Na terça-feira, prevendo protestos dos familiares dos estudantes, López Obrador definiu com eles que seria feita uma menção especial e sugeriu um suposto “pacto de silêncio” dos envolvidos que ainda estaria em vigor. “Falar deste caso aqui e nesta data significa continuar chamando todo o povo a participar e dizer o que souber sobre estes fatos. Devo referendar nosso compromisso de não claudicar, encontrar os jovens e condenar os culpados”, disse. “É um espinho que trazemos na alma. Como disse Alberto, a verdade e a justiça podem demorar, mas finalmente chegam”, acrescentou, numa alusão ao discurso de seu homólogo.

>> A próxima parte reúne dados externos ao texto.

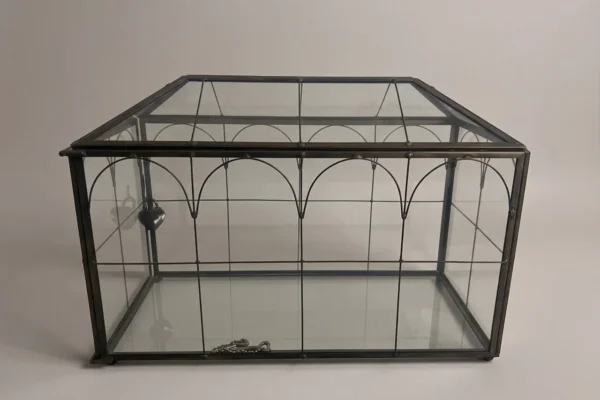 Black-framed glass card box with heart-shaped lock for wedding reception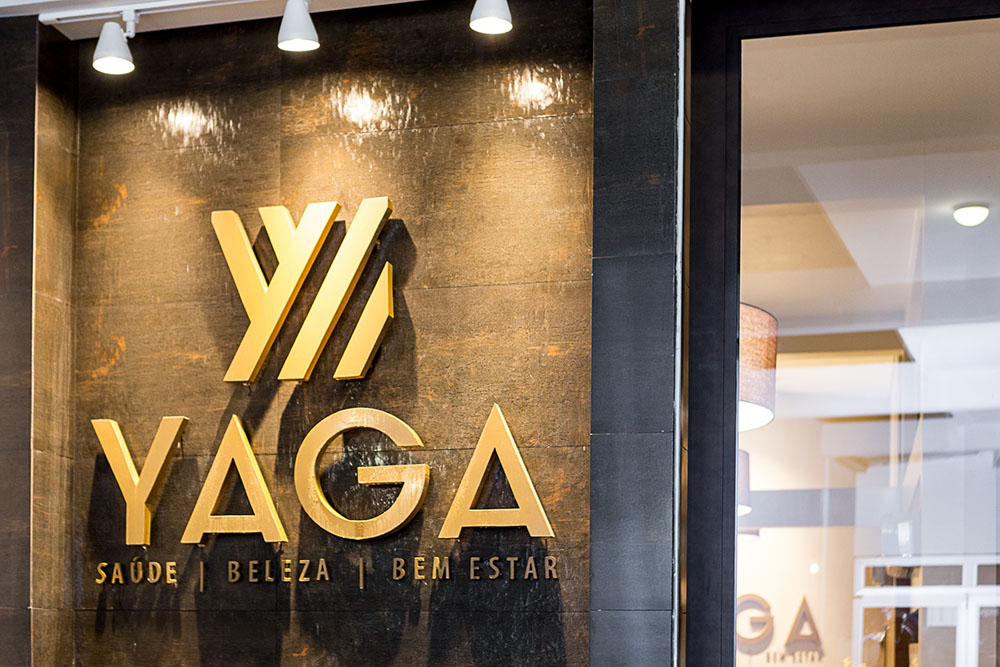 Recepção da Clínica Yaga com a marca em dourado sobre a parede de madeira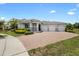 Front exterior showcasing a three-car garage and a brick driveway at 3136 Winesap Way, Winter Garden, FL 34787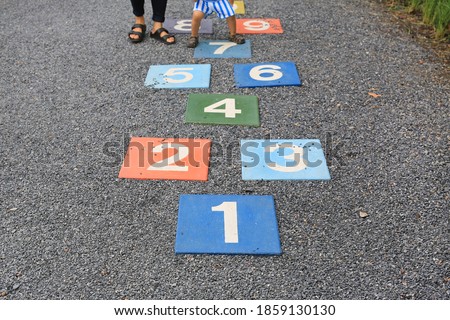 Colourful hopscotch playground markings numbers on stone at pavement with people playing.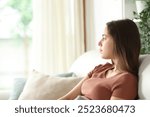 Serious woman looking through a window sitting on a sofa at home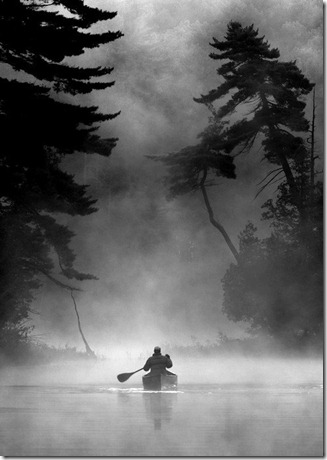 canoeing down river in fog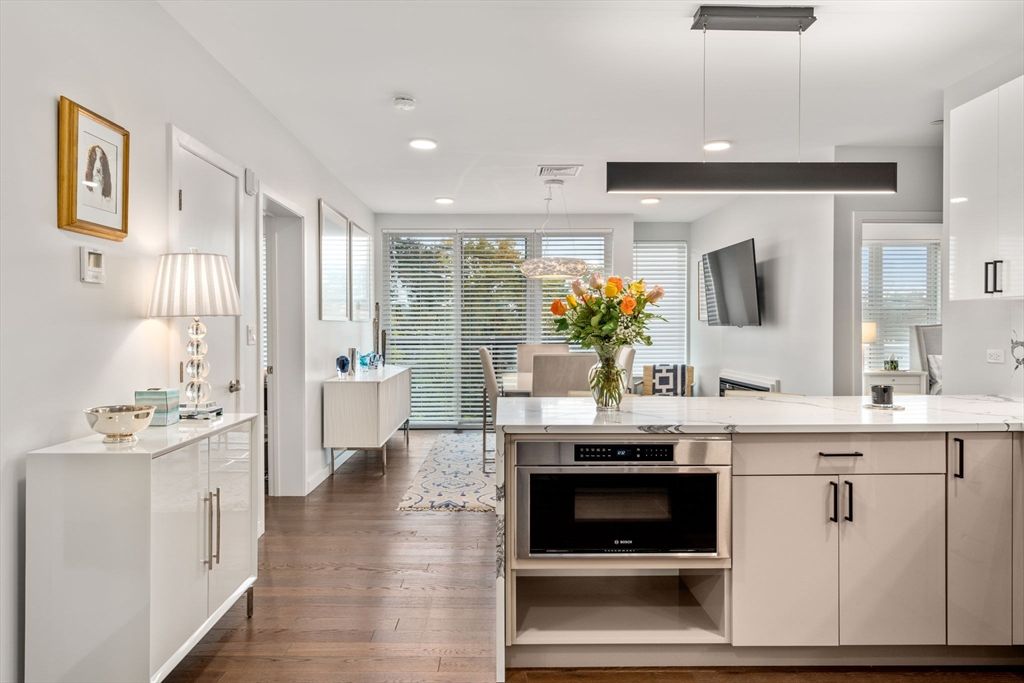 Dining room, Interior, Kitchen, Pendant Lights, Recessed Lighting, Stainless Steel Appliances, Wood Texture Flooring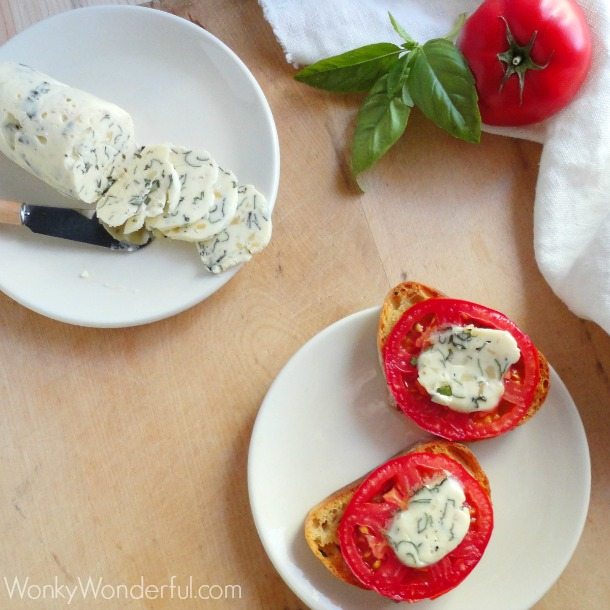 above view of two white plates, one with tomato crostini and the other with herb butter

A visita ocorre também em meio a uma campanha eleitoral marcada pela pré-candidatura de Félix Salgado Macedonio a governador de Guerrero. O veterano político, que fez carreira junto ao presidente mexicano no Partido da Revolução Democrática (PRD) e agora integra o governista Morena, foi acusado por três mulheres de estupro e abuso sexual. A presença de López Obrador no Estado nesta quarta-feira gerou também protestos de grupos feministas que desde a manhã exigiam do mandatário que “rompa o pacto patriarcal” e retire seu apoio ao candidato. “Um estuprador não será governador”, gritaram cerca de 10 manifestantes vestidas de preto, a poucos metros do presidente mexicano, numa segunda parte da cerimônia ocorrida no centro da cidade.

A defesa de Salgado Macedonio por parte de López Obrador, que alegou ver acusações típicas dos processos eleitorais, gerou mal-estar dentro do Governo com vistas ao pleito de junho, quando serão eleitos novos deputados federais, 15 governadores e centenas de prefeitos. “É preciso priorizar as vítimas”, comentou a este jornal o subsecretário federal de Direitos Humanos, Alejandro Encinas, que se encontrava nos festejos da independência. A celebração, que começou com uma aliança regional para combater a pobreza, terminou assim em distúrbios entre manifestantes feministas e grupos que apoiam o presidente.